Methods: We retrospectively reviewed the records of 814 GTT patients treated at Peking Union Medical College Hospital from 1984 to 1998. Of them, 382 were choriocarcinoma and 61 developed brain metastases (16.0%); 432 were invasive mole and 8 of them presented brain metastases (1.9%). Patients with brain metastases were divided into three categories: Group A, individuals with no prior chemotherapy (30 cases); Group B, patients who had received chemotherapy before transferred to our hospital (31 cases); Group C, individuals who developed brain metastases during therapy in our hospital (8 cases).

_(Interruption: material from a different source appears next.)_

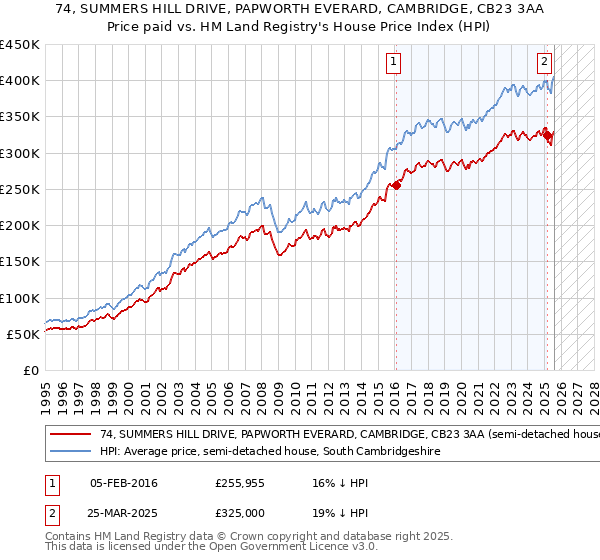 74, SUMMERS HILL DRIVE, PAPWORTH EVERARD, CAMBRIDGE, CB23 3AA: Price paid vs HM Land Registry's House Price Index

Apart from 12 patients died before or during the first cycle of chemotherapy, the remaining 57 patients were treated with 5-FU combined chemotherapy or etopside, methotrexate, kengshengmycin, /vincristine, cyclophosphamide (EMA/CO) regimen, the number of courses varied from 3 to 17 cycles. The median number of chemotherapy for each patient was 8.2. Intrathecal methotrexate chemotherapy was utilized for all patients. Emergency surgical decompression was performed in 4 cases who had symptoms of highly increased intracranial pressure.

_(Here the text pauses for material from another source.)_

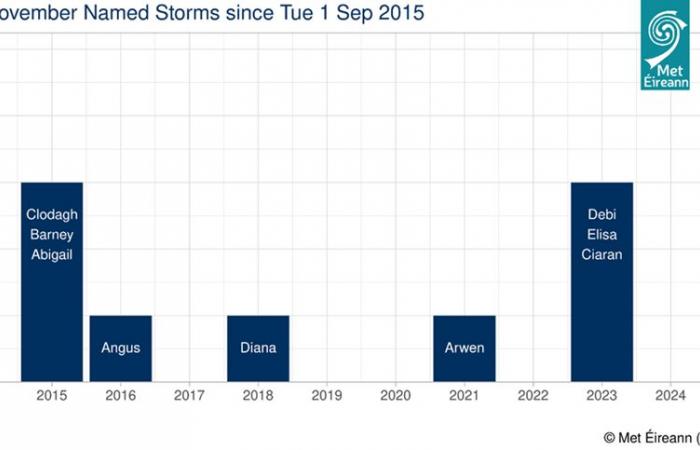 Storm Bert named by Met Éireann (22nd – 24th November 2024) – Met Éireann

Results: Apart from 12 patients died before they received regular therapy in our hospital, remission rate of other 57 patients was 71.9%. The cumulative survival rate for these 57 patients at 5 years was 45.8%. Women with no prior chemotherapy (group A) had outcomes significantly better than those who had been treated before transfer to our hospital (group B) and there were no survivors among the patients who developed brain metastases during active chemotherapy (group C) [P < 0.05 (A Vs B); P < 0.01 (A or B Vs C)].
Conclusions: Multiagent systemic chemotherapy combined with intrathecal methotrexate chemotherapy still play the key role in the management of brain metastatic GTT patients; Surgical decompression should be performed if significant neurologic symptoms are present.